The path turns and the crowd snakes with it. Here, some buildings stand at least partially. For the first time in a long time, I was in a familiar place. Nowy Świat!
The buildings were torn and marked by shrapnel, but the street was here. I scrutinize each building we pass, recalling little memories tied to each one. The beautiful antique vase I bought for my mother at a store here, which I promptly dropped upon leaving. A dinner I had with girlfriends from liceum after graduating, and the morning after when I first learned the price paid for a heavy pouring hand. I glance left and feel my eye drawn to a broken window. It spells only part of a hand-painted word. Kre-
Kresy!
I halt my march and recall my last day in Warsaw. An ending I thought was a beginning. Leon. As was the case with many friends, Leon and I lost contact when the war broke out. I fled Kraków, joining my family at our home in the eastern countryside. We had no way to write letters, as few stayed where they started, and many went where they had not been.
Leon. This man, and this thing which I thought could turn into love, were parts of a life I lived in a completely different world. Leon lives nearby.
I take a step out of the column. I look around at the partially intact buildings. I see people picking through the rubble, searching for memories. Leon lives nearby.

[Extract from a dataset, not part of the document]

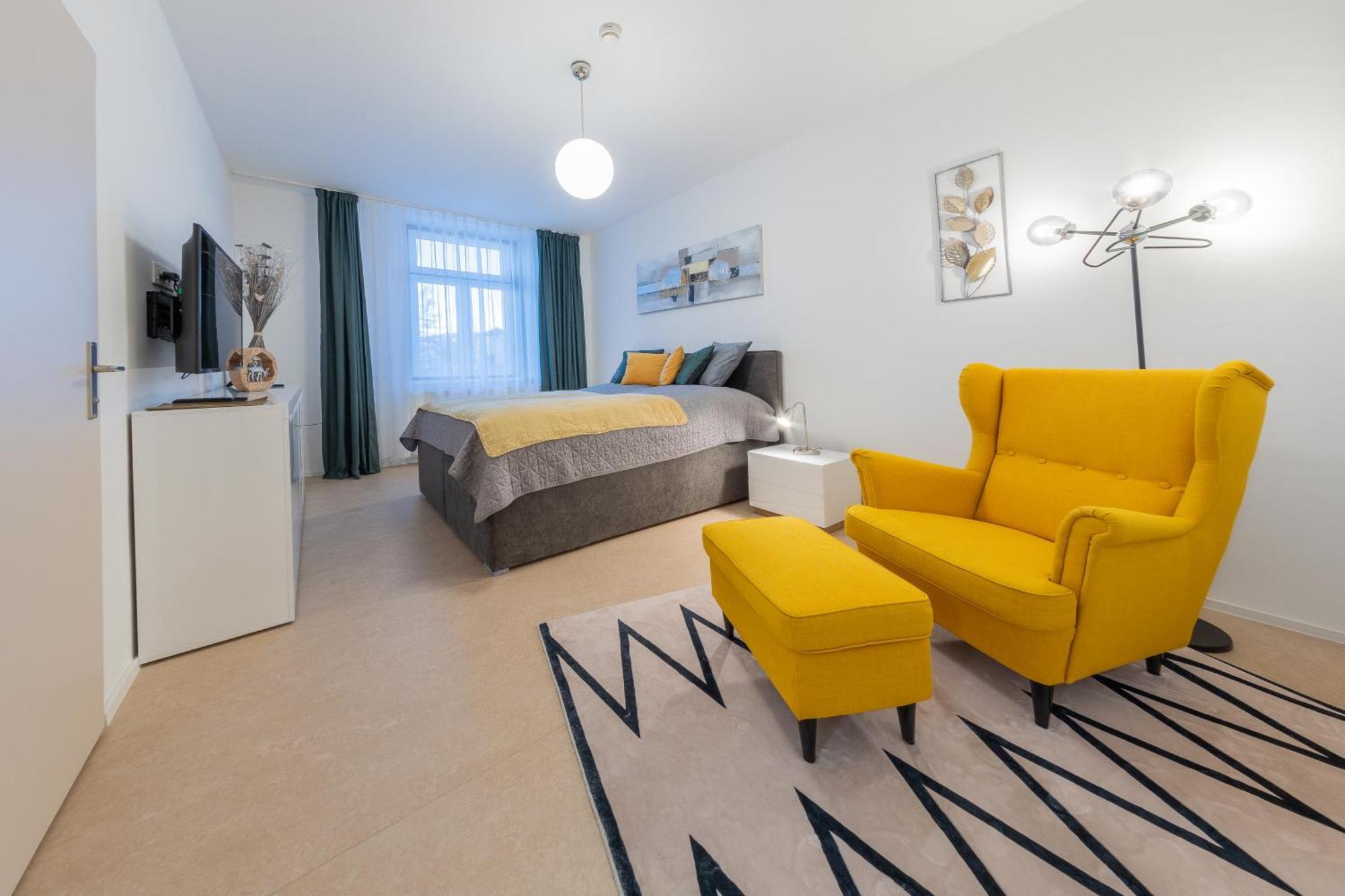 Hotel Granit Nova Polianka*** - Klimaticke Kupele Vysoké Tatry 외부 사진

I remember his building, but not exactly where it is. I walk in the rough direction, hoping a landmark would direct me. Lest I forget, the landmarks are gone. I turn street after street, past ruin and rubble, waiting to see the handsome little building. I turn another corner.

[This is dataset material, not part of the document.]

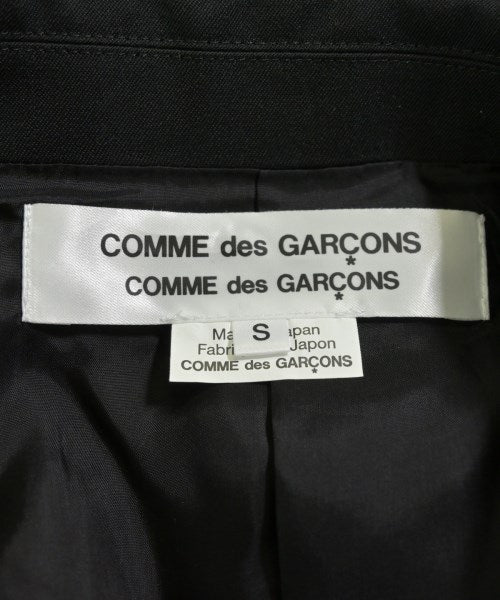 COMME des GARCONS COMME des GARCONS 休閒夾克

Leon lives here. Fire had stripped its paint, and an explosion had shorn off one of its corners, but it stood. Leon lives here.

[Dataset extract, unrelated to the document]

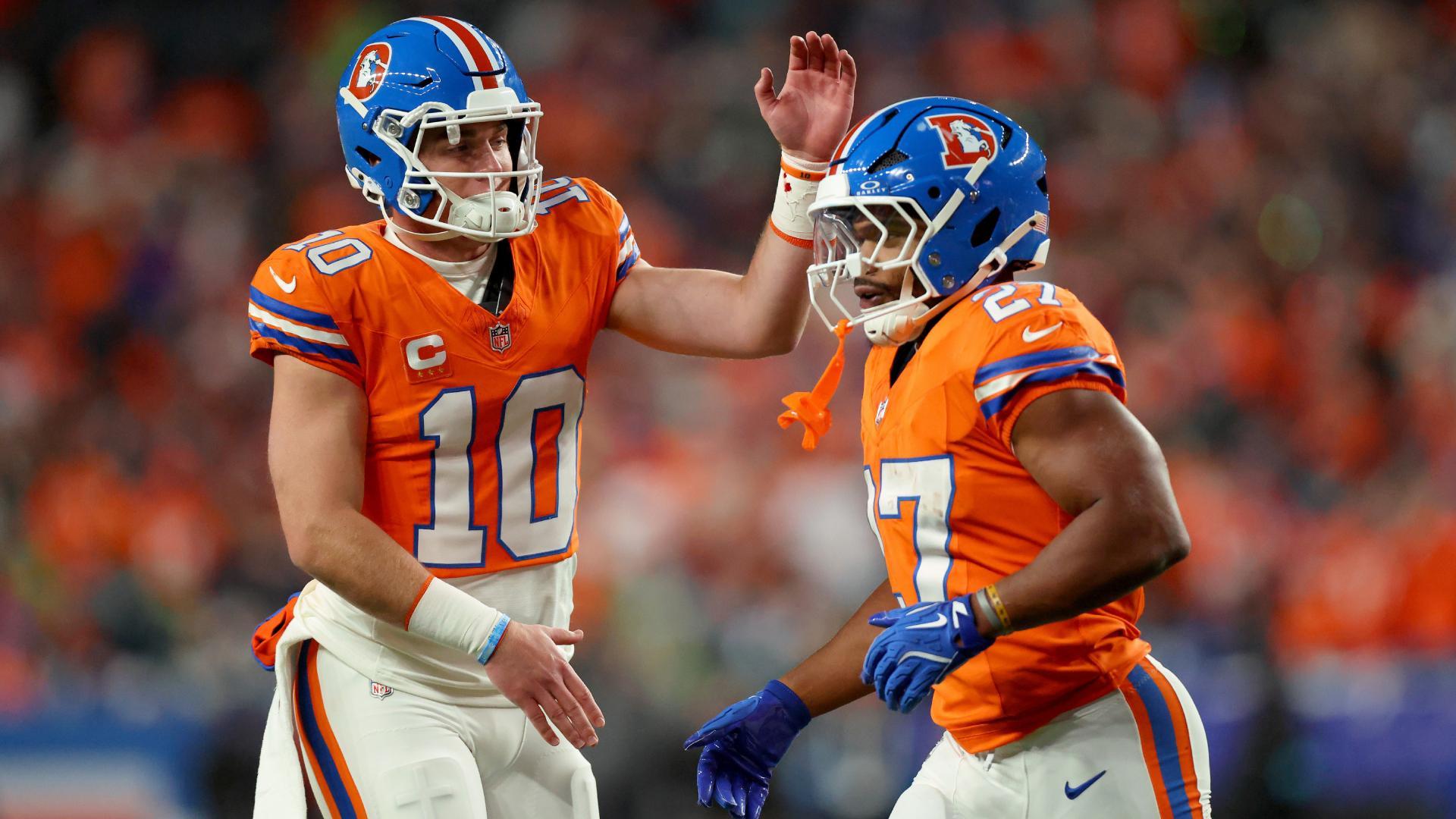 Broncos 17-14 Seahawks (15 de Oct., 2026) Resultado Final - ESPN DEPORTES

My old life, for the first time, was real again. I knew this place. Staring at the scarred building, I see a woman place a small chair outside the front door, adding to a pile of miscellaneous objects. I start toward her.
“Excuse me!” My voice is breathy, clearly unused. She turns and I clear my throat to go on. “I’m sorry, did you live here?”
“Some of my family did, yes. Can I help you?” She asked me this kindly. Kindness had become rarer in recent years, but when it came, it was honest and it was weighty. “I’m looking for someone,” I say.
My stomach suddenly felt as though it was filled with helium. I’m honestly not sure why. “Do you know a Leon? Leon Zabielski? He lived in this building.”
Her face was tired, as many were, but it slowly adopted a soft smile. “I’m Leon’s aunt” She wiped the dust off her hand and outstretched it “I’m Zofia.” I took her hand in mine and shook it. I could see his face in hers. This was the kind of chance occurrence that seemed oddly commonplace in wartime.
“I’m Lena. I’m old friends with Leon.” She smiles again and nods. There is a pause before I realize she’s waiting for me to say something. “Do you know where he went from Warsaw?”
“Lena, my dear, he never left Warsaw.”
I catch my breath as my heart begins racing. He’s here? Before another thought enters my mind, I feel Zofia’s hand on mine. I watch as she places my hand between her own, and tightens her grip. I look up at her.
She smiles at me, a smile I’ve seen many years before. My eyes well up before meeting hers. Her eyes threaten tears too. I see her smile again, and I see empathy and sorrow. I see Leon. “I’m sorry dear.”
I nod but have nothing else to say. I glance up again at Leon’s building. Unsure how I’d missed it, I see that the missing corner is his apartment. The war had taken from me for the last time, after its demise. Leon never left.
I grab the handle of my suitcase and turn back to the worn-down path.